Git basics

Essentially, all version control does is store snapshots of your work in time, and keeps track of the parent-child relationships.

git history

You can think of your current set of working files as simply the child of the last node in this chain (that is, your files are the children of the most recent set of files known to the version control system).

git provides a large number of tools for manipulating this history. We'll only touch on a few, but the number that you need to know for day-to-day use is actually quite small.

First, we're going to need some terminology:

  • Repository: "Repo" for short; this is a copy of the history of your project. It is stored in a hidden directory within your project. People will talk about "cloning a repo" or "adding things to a repo"; these all manipulate the history in some way.
  • Working directory: This is your copy of a project. It's just a directory with files and other directories in it. The repository is contained within a .git directory at the root directory of your project.

One of the distinguishing and great features about git is that the repo contains the entire history of the project, i.e. if your project moves, the history travels with it. So if you clone your work to a new computer, or a collaborator gets involved (more on how to do that later), they have the full project history available. This is called distributed version control.

What goes in my repository?

You should establish a new repo for each project you are working on.
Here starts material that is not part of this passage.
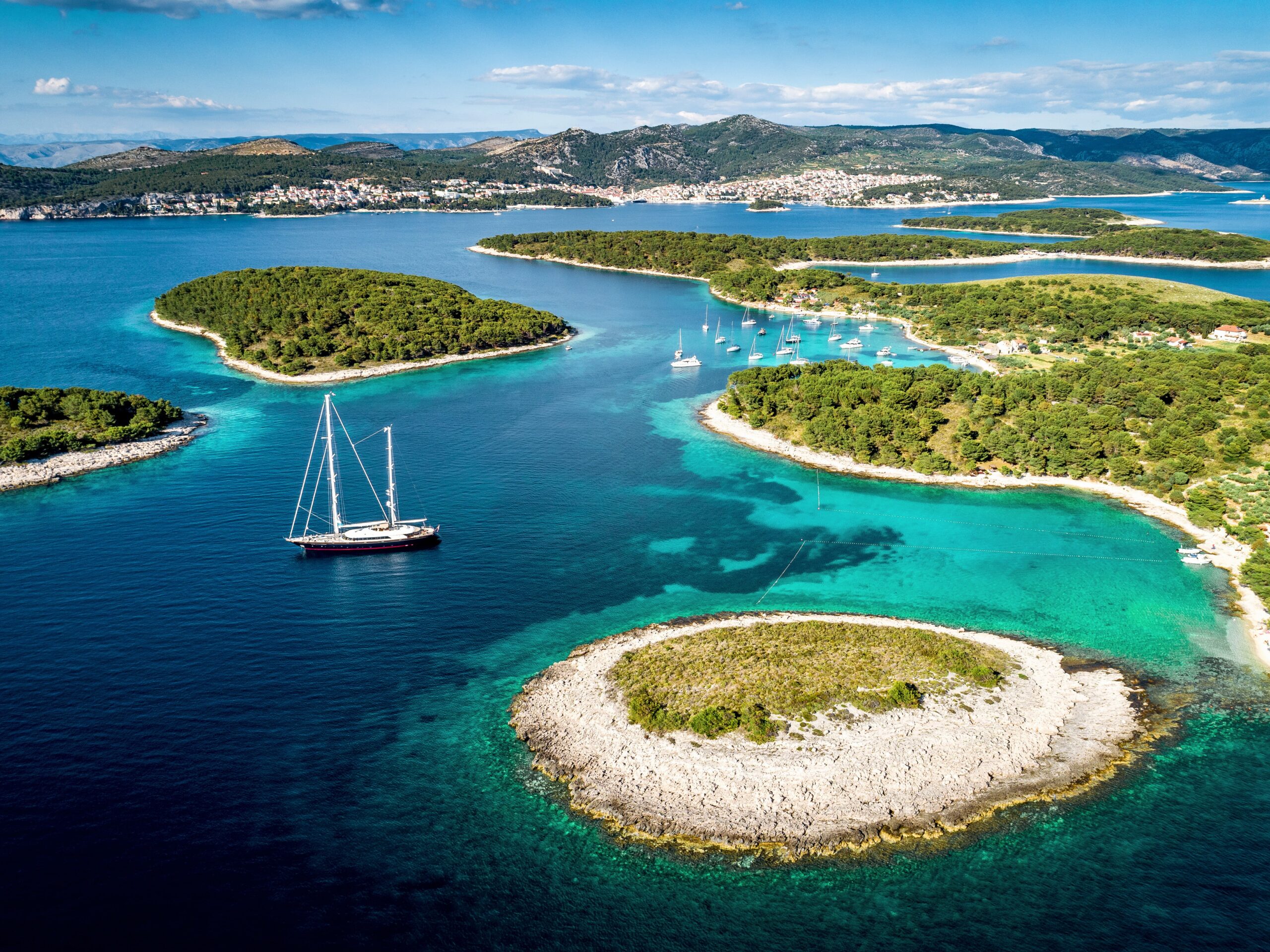 Aerial view of Paklinski Islands in Hvar, Croatia. Turquise water bays with luxury yachts and sailing boats. Toned image.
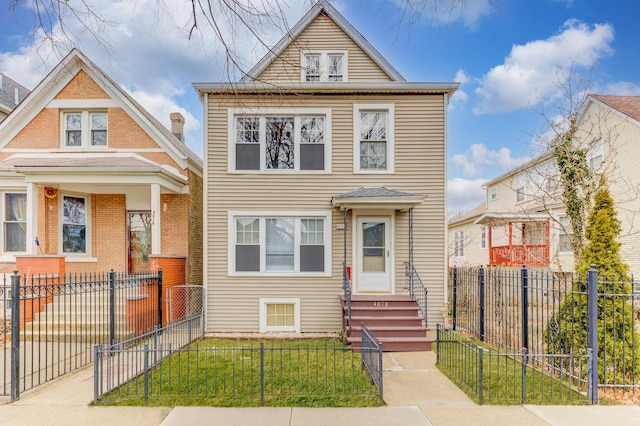 view of front of home featuring a fenced front yard, entry steps, and a front yard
Your project folder should contain everything related to a particular project, including inputs (data, images, notes), analysis scripts and outputs (figures, tables.) The content of your project will evolve over time and this will be tracked within the git repo.

But not all of your project folder contents will be stored within the git system. As a general guide, we suggest you make a folder called outputs. This is where you should save figures and other outputs from your analysis scripts. These outputs do not need to be tracked, as they can be reproduced at any time by rerunning the script. Later we'll show you how to ignore certain files in git.

The commit cycle

Your project develops as you do work. During this process you make a series of small changes such as

  • writing some code
  • importing/entering new data
  • reorganising your files
  • making a figure
  • writing bits of reports or papers.

The idea with git is that you break up your project activity into a series of small tasks, each corresponding to a 'commit'. So the cycle goes

Checkout project --> do work --> review changes --> commit

Anecdotal evidence suggests experienced programmers break up their project into lots of small pieces, and have lots of commits in their work cycle, while novices tend to have fewer, larger commits. some of the advantages of small commits are

  • helps you to focus on one small piece of a much larger puzzle
  • it's easier to recover if something goes wrong
  • you have a greater sense of achievement.

If you're trucking along for hours (or days) at a time without committing anything, chances are you're changing too much. A good way of thinking about version control is like the ability to press "undo" when writing. You don't know when you'll need to go back (and most of the time you don't need to). But when you do, you don't want to have to have to choose between two vastly different copies of a document. With programming it's even more important; multiple files that depend on each other are changing.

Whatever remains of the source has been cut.